Ghana's central bank maintained its monetary policy rate at 25.50 percent, saying the risks to inflation and growth are balanced, with the trend toward declining inflation considered positive.
Nevertheless, the Bank of Ghana (BOG), which cut its rate in November by 50 basis points in the first easing since July 2011, added it was concerned that inflation could be affected by the recent volatility in the exchange rate of the cedi, persistent increases in food prices and fiscal policy.
"There is therefore the need to return to the path of fiscal consolidation to complement the tight monetary policy stance to deliver on the medium term inflation target," the BOG said.
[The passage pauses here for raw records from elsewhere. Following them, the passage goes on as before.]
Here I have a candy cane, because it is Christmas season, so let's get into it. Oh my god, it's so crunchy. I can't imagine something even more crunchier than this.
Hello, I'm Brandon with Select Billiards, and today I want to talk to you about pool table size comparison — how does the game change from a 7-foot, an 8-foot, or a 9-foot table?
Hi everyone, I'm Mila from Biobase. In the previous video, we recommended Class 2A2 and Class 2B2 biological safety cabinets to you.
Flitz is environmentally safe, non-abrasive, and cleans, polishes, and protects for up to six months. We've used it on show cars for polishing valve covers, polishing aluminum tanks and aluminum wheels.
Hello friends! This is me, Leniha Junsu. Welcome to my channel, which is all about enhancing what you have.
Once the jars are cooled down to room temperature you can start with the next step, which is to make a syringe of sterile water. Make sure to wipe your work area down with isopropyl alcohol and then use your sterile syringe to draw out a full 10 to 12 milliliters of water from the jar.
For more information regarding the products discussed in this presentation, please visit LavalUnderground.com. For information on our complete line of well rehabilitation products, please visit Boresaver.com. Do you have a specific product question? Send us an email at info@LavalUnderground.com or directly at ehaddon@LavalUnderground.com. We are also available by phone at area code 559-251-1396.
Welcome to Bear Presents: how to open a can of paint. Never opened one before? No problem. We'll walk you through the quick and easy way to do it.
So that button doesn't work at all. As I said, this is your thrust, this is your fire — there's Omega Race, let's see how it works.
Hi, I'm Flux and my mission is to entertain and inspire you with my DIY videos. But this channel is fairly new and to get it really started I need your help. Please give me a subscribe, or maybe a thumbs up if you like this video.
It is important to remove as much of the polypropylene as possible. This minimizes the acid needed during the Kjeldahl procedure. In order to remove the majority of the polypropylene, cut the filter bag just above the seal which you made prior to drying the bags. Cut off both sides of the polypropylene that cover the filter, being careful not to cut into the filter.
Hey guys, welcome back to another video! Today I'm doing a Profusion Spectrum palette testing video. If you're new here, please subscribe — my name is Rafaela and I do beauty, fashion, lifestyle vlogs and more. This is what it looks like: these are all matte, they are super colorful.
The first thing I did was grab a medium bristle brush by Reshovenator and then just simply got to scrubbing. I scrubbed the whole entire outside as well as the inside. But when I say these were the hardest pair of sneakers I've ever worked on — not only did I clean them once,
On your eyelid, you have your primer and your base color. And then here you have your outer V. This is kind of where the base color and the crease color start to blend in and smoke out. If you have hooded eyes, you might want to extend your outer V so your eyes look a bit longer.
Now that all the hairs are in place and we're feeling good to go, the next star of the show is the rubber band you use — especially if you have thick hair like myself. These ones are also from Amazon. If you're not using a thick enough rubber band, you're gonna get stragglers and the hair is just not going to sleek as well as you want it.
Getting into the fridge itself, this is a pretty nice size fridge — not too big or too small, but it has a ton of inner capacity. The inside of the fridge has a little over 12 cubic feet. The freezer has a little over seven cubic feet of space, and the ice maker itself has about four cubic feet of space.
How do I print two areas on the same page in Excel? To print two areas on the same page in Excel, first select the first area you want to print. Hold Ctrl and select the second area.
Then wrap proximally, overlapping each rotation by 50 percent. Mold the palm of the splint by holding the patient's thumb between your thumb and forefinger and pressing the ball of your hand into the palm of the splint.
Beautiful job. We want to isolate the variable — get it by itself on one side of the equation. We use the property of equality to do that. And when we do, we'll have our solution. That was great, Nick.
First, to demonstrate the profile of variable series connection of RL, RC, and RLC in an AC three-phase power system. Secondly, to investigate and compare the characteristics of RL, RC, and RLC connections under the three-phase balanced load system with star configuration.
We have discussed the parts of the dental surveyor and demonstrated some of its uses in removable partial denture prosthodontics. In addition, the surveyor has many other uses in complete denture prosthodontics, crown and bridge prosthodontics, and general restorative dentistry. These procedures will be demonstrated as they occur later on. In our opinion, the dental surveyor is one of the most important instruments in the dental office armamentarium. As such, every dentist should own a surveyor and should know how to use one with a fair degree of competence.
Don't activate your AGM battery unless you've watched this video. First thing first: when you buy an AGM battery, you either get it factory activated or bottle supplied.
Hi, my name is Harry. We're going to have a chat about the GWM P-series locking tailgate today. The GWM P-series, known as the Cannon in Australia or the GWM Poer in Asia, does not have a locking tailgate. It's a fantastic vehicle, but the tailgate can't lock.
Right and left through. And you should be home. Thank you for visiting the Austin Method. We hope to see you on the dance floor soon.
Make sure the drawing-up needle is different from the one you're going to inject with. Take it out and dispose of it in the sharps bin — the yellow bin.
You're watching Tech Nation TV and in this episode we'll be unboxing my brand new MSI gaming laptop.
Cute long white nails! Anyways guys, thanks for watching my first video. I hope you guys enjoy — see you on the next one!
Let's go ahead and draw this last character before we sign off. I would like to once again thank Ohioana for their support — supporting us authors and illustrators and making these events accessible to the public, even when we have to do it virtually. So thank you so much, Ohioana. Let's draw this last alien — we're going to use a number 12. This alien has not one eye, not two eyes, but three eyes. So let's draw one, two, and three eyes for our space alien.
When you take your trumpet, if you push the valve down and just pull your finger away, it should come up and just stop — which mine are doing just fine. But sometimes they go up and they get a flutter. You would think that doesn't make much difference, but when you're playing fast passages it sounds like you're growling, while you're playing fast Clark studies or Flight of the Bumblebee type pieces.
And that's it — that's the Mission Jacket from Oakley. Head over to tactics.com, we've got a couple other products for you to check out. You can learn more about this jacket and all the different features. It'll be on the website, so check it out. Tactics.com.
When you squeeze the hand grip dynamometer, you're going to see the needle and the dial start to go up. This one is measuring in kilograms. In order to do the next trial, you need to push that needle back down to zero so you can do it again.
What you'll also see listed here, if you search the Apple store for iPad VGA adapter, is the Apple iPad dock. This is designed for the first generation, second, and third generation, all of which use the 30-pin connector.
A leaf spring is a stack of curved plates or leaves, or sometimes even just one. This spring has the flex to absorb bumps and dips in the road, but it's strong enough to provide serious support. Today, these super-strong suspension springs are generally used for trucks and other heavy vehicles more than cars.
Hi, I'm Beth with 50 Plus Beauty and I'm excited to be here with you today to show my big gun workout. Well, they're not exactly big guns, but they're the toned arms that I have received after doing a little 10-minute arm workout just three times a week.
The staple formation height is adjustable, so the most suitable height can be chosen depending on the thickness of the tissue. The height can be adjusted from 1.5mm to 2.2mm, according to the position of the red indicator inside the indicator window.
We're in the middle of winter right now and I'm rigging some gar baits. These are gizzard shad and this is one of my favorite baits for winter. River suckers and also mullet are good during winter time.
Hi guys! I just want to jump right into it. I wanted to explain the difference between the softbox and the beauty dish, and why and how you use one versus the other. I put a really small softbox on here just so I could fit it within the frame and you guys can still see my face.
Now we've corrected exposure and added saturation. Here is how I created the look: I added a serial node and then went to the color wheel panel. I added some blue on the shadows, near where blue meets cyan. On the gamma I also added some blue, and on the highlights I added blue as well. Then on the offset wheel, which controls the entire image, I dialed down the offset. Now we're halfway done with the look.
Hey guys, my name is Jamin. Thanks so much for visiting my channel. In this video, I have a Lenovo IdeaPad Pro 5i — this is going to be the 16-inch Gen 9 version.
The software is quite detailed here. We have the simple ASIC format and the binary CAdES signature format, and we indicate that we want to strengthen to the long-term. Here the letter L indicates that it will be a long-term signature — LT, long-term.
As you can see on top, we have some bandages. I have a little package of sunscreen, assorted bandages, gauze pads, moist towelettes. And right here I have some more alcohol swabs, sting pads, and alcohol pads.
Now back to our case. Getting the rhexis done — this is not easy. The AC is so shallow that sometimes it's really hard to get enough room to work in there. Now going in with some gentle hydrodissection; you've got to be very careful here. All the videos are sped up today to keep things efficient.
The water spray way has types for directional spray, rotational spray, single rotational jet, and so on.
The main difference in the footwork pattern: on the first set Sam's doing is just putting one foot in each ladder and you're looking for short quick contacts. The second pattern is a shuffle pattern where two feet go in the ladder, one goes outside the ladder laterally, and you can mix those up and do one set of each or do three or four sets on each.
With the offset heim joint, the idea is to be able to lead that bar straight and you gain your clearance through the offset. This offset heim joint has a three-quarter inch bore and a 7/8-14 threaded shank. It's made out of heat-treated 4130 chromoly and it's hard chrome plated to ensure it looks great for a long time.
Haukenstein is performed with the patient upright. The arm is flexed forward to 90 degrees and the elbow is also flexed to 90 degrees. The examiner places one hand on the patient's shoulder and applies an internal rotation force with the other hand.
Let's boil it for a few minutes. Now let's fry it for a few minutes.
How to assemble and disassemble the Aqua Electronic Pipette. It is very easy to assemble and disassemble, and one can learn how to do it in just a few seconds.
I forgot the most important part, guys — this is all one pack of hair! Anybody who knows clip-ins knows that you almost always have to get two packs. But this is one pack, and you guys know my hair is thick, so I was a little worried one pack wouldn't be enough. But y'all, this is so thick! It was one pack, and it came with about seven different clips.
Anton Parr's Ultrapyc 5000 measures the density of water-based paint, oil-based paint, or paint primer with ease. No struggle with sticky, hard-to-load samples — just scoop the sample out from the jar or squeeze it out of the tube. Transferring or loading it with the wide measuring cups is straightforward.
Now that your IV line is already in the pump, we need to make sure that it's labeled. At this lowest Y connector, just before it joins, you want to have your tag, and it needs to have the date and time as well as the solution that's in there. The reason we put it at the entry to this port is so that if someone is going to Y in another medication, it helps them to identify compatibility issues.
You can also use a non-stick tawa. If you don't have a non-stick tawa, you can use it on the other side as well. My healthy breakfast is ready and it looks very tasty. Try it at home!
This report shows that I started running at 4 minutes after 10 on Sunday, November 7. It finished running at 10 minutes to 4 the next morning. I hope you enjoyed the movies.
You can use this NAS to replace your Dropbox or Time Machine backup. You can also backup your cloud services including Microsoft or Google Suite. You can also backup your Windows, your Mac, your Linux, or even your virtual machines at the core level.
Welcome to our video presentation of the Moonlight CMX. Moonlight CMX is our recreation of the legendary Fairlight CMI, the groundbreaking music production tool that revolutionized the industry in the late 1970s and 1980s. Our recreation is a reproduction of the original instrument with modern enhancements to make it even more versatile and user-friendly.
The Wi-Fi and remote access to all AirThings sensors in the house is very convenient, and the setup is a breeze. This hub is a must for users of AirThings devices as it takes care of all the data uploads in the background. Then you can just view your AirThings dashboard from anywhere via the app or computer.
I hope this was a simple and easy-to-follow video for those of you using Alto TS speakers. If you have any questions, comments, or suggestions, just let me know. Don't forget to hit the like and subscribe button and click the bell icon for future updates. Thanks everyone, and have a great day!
Although the conditions for economic growth are considered "modest," the central bank said prospects were positive, helped by improved oil and gas production from new fields, the gradual rebound in private sector credit and improved sentiment and expectations.
Ghana's headline inflation rate decelerated further to 15.4 percent in December, the lowest since July 2014, from 15.5 percent in November while the economy grew by an annual 4.0 percent in the third quarter of 2016, up from 2.3 percent in the second quarter.
While the decline in inflation was largely as BOG had expected, the central bank added that the underlying assumptions were revised to reflect the recent rise in ex-pump prices, exchange rate deprecation and the higher-than-budgeted fiscal deficit for 2016.
Despite continuous tightening of monetary policy since February 2012, Ghana's cedi fell sharply from early 2013 until mid-2015. Since then it has been more stable although volatility returned in the run-up to the December polls, with the cedi down by 9 percent in November last year.
Last year the cedi depreciated by 9.6 percent against the U.S. dollar, less than a 15.7 percent depreciation in 2015, the BOG said.
Today the cedi was trading at 4.35 to the U.S. dollar, down 1.6 percent this year.
Economic activity was modest last year due to tight monetary policy, power supply constraints and challenges at the Jubilee field. But the BOG said consumers are more optimistic following the polls and higher oil production from new fields should boost growth this year.
The International Monetary Fund has forecast that new fields should boost Ghana's oil output by some 50 percent, raising economic growth to 7.5 percent this year. It also expects inflation to ease to 10 percent in 2017.
The BOG said provisional data for the year to November indicated a budget deficit of 7.0 percent of Gross Domestic Product compared with a target of 4.7 percent, mainly due to lower revenues while government spending was broadly within target.